资源环境科技发展态势分析平台

Forest soils are the most important terrestrial sink of atmospheric methane (CH₄). Climatic, soil and anthropogenic drivers affect CH₄ fluxes, but it is poorly known the relative weight of each driver and whether all drivers have similar effects across forest biomes. We compiled a database of 478 in situ estimations of CH₄ fluxes in forest soils from 191 peer‐reviewed studies. All forest biomes (boreal, temperate, tropical and subtropical) but savannahs act on average as CH₄ sinks, which presented positive fluxes in 65% of the sites. Mixed effects models showed that combined climatic and edaphic variables had the best support, but anthropogenic factors did not have a significant effect on CH₄ fluxes at global scale.

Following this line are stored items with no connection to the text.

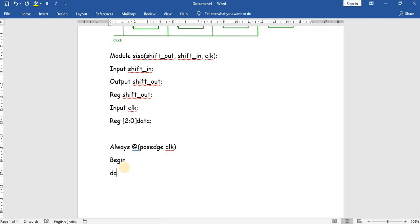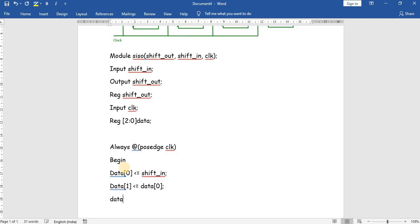The non-blocking assignments use the <= operator. So: data[0] <= shift_in, data[1] <= data[0], data[2] <= data[1], and the final output shift_out <= data[2].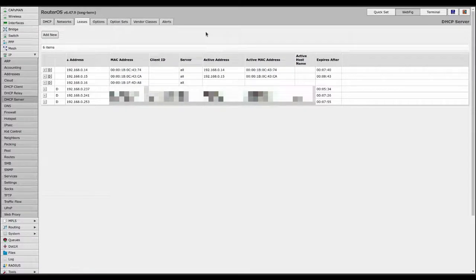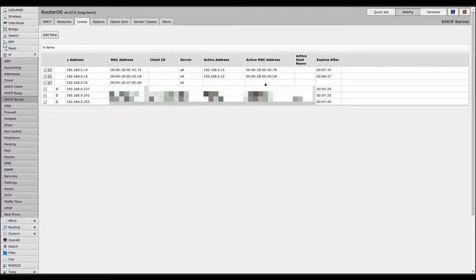In here you can see I have some addresses. These at the top are reserved and taken by devices. This one is reserved but no active device. And the three at the bottom are dynamic addresses that have been assigned, designated by this D here.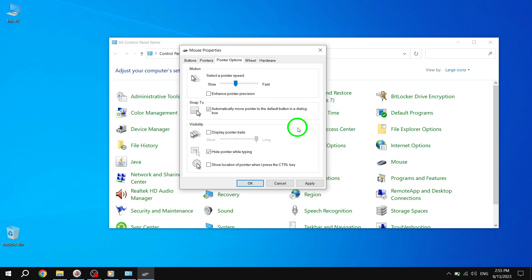Remember, if you ever want to disable this feature, simply follow the same steps and uncheck the Automatically Move Pointer to Default button in dialog box option.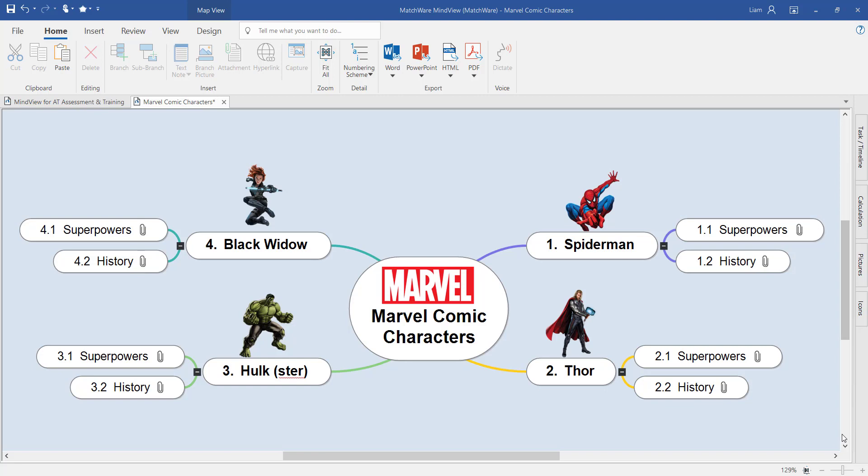Welcome to this MindView video tutorial introducing you to the PowerPoint export. In this tutorial I'll demonstrate how to create both visual presentations and cue cards for revision purposes using the PowerPoint export. The structure and hierarchy of the mind map would directly relate to the PowerPoint slides when we export to PowerPoint.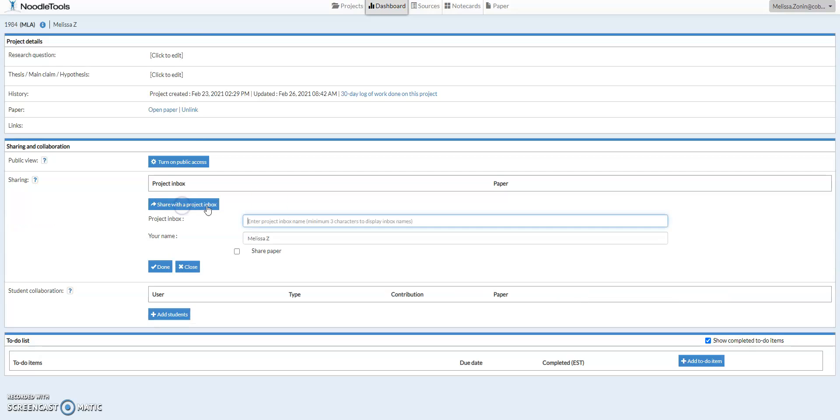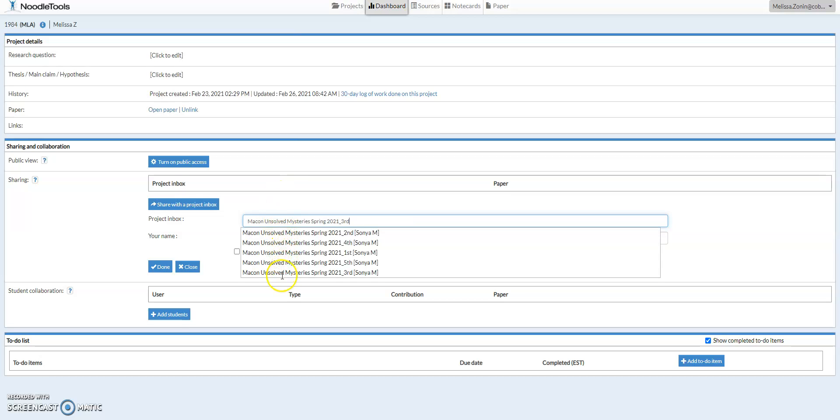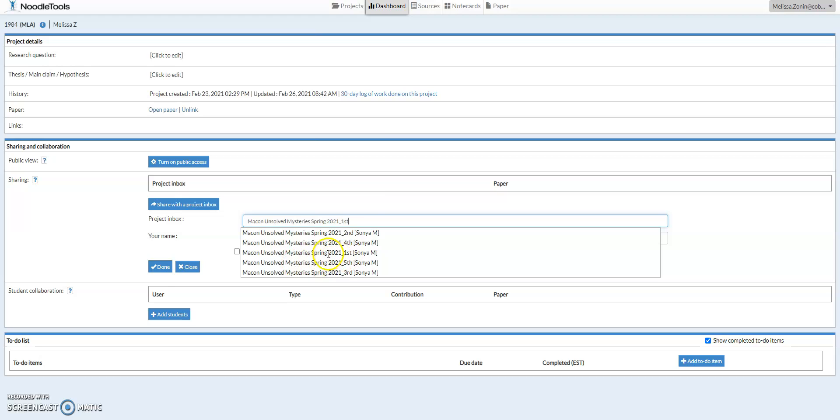So I'm just going to click that button, and then you're going to start typing your teacher's name, and so for this one I'll do Macon. So when I start typing Macon, you'll see all her classes pop up, and then you just pick the correct one.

This model explained only 19% of the variance in soil CH₄ flux which decreased with declines in precipitation and increases in temperature, and with increases in soil organic carbon, bulk density and soil acidification. The effects of these drivers were inconsistent across biomes, increasing the model explanation of observed variance to 34% when the drivers have a different slope for each biome. Despite this limited explanatory value which could be related to the use of soil variables calculated at coarse scale (~1 km), our study shows that soil CH₄ fluxes in forests are determined by different environmental variables in different biomes. The most sensitive system to all studied drivers were the temperate forests, while boreal forests were insensitive to climatic variables, but highly sensitive to edaphic factors. Subtropical forests and savannahs responded similarly to climatic variables, but differed in their response to soil factors. Our results suggest that the increase in temperature predicted in the framework of climate change would promote CH₄ emission (or reduce CH₄ sink) in subtropical and savannah forests, have no influence in boreal and temperate forests and promote uptake in tropical forests.